▶ _Prompt_: What you write should match, word for word, the lines from the one containing "Load image into" through the end of the data, with no pictures.
====== Recorded information ======
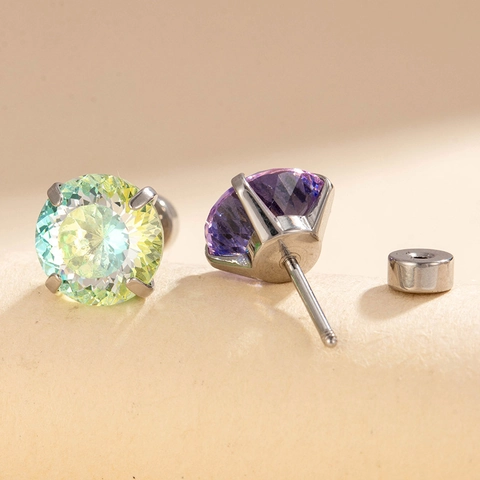 Round Gradient Cubic Zirconia Stud Earrings Titanium Steel Bird Nest Cut Screw Back Helix Cartilage Jewelry For Women
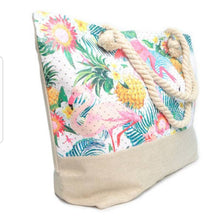 Load image into Gallery viewer, Summer Tropical Rhinestone Ladies Tote Bag
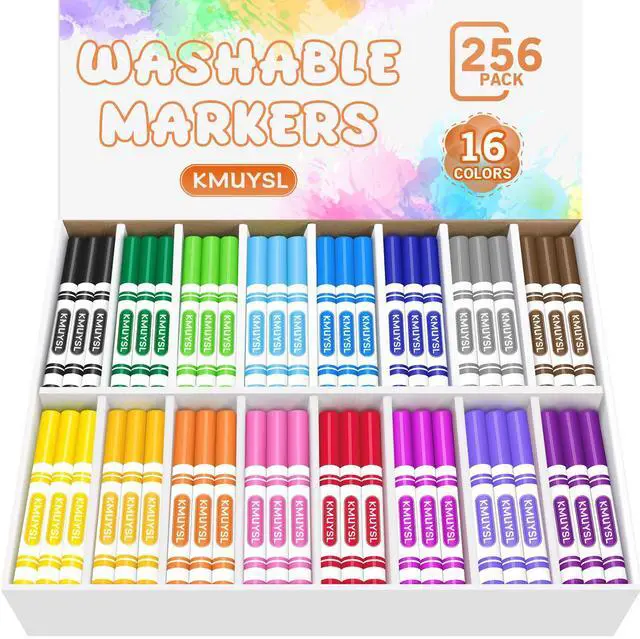 Main image of Washable Markers Bulk, Assorted Colors - Broad Line Conical Tip Coloring Markers for Kids, School Art Supplies & Back to School Supplies, Teacher Classroom Must Haves (16 Colors, 256 Pcs)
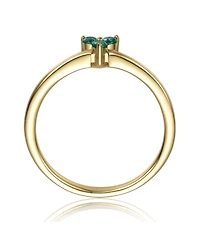 GiGiGirl 14k Gold Plated with Triple Green or Pink Cubic Zirconia Ring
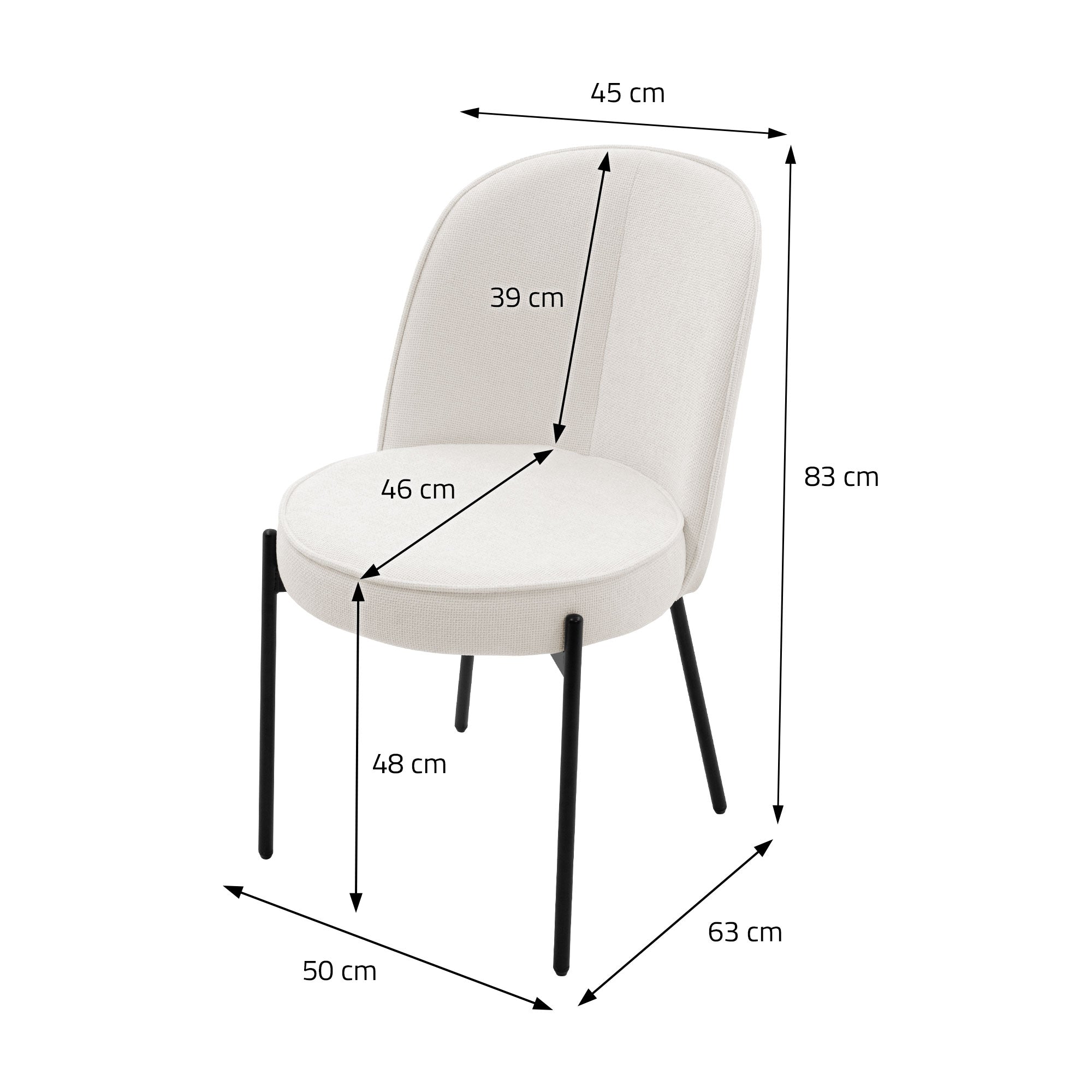 ECD Germany ML-Design chaise rembourrée beige lot 4 tissu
======
▶ _Task answer_:
 Load image into Gallery viewer, Summer Tropical Rhinestone Ladies Tote Bag
 Main image of Washable Markers Bulk, Assorted Colors - Broad Line Conical Tip Coloring Markers for Kids, School Art Supplies & Back to School Supplies, Teacher Classroom Must Haves (16 Colors, 256 Pcs)
 GiGiGirl 14k Gold Plated with Triple Green or Pink Cubic Zirconia Ring
 ECD Germany ML-Design chaise rembourrée beige lot 4 tissu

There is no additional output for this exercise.